For high-dimensional Euclidean space they were investigating the minimal varieties of the family of submanifolds. These minimal varieties generalise the minimal surfaces in the Plateau problem. The meaning of minimal for a k-dimensional submanifold M of an n-dimensional space is that a sufficiently small piece of M has the least volume compared with other k-dimensional submanifolds M' where M and M' have the same (k - 1)-dimensional boundary. A minimal hypersurface, that is a submanifold with k = n - 1, with a given boundary had been shown not to contain singular points for n ≤ 7. Bombieri, working with de Giorgi and Giusti, proved in 1969 that for n ≥ 8 there is a minimal hypersurface with an essential singularity.
In contrast to the Plateau problem is the uniqueness problem and the remarkable work described above had implications for this too. In 1914 Sergei Bernstein had proved that a minimal surface in 3-dimensional Euclidean space of the form f: R2 → R, is a plane. In 1965 this result had been extended by de Giorgi and others to n-dimensional Euclidean spaces with n ≤ 8. They proved that, for n ≤ 8, a minimal hypersurface of the form f: Rn-1 → R is a hyperplane. Bombieri constructed examples to show that in R9 there is a function f: R8 → R which is a minimal surface in R9 which is not a hyperplane.

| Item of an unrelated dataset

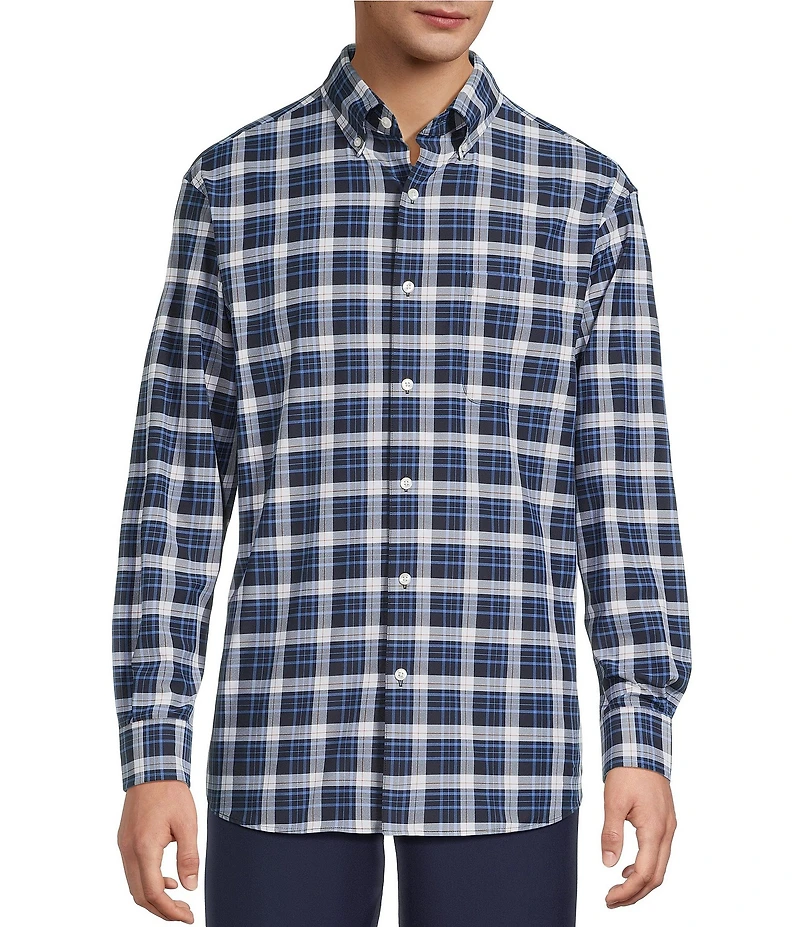 Roundtree & Yorke Performance The Traveler Long Sleeve Large Plaid Twill Sport Shirt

The authors of  describe Bombieri abilities as follows:-
He has repeatedly demonstrated an ability to quickly master essentials of a complicated new field, to select important problems which are accessible, and to apply intense energy and insight to their solution, making liberal use of deep results of other mathematicians in widely differing areas. The breadth of his mathematical knowledge is clearly visible to those who know him and his work. He is also a fine writer of mathematics, and his lectures ... are recognised for clarity which increases with the subtlety of the mathematical idea being explained.

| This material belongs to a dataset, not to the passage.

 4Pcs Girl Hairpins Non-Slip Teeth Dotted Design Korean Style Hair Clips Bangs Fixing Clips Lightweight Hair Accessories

Chandrasekharan, in , writes:-
... Bombieri's versatility and strength have combined to create many original patterns of ideas which are both rich and inspiring.
Bombieri was awarded the Balzan International Prize in 1980. Bombieri was elected a foreign member of the French Academy of Sciences in 1984. The article  describes Bombieri's work which led to his election.
Bombieri now works in the United States. In 1996 Bombieri was elected to membership of the National Academy of Sciences. The citation for him read:-
Bombieri is one of the world's most versatile and distinguished mathematicians. He has significantly influenced number theory, algebraic geometry, partial differential equations, several complex variables, and the theory of finite groups. His remarkable technical strength is complemented by an unerring instinct for the crucial problems in key areas of mathematics.
In addition to the awards mentioned above, Bombieri received the Feltrinelli Prize in 1976, the Cavaliere di Gran Croce al Merito della Repubblica, Italy in 2002, and the Premio Internazionale Pitagora from the City of Crotone in Italy in 2006. Jointly with Walter Gubler, Bombieri was awarded the 2008 Doob Prize at the 114th Annual Meeting of the American Mathematical Society in San Diego in January 2008. The award was made for the book Heights in Diophantine Geometry jointly authored by Bombieri and Gubler. The citation for the prize reads:-
The book is a research monograph on all aspects of Diophantine geometry, both from the perspective of arithmetic geometry and of transcendental number theory. ... One gets the sense that every lemma, every theorem, every remark has been carefully considered, and every proof has been thought through in every detail. There are well-chosen illuminating examples throughout every chapter. The book is a masterpiece in terms of its original approach, its unrivalled comprehensiveness, and the sheer elegance of the exposition. There can be no doubt that this book will become the basis for the future development of this central subject of modern mathematics.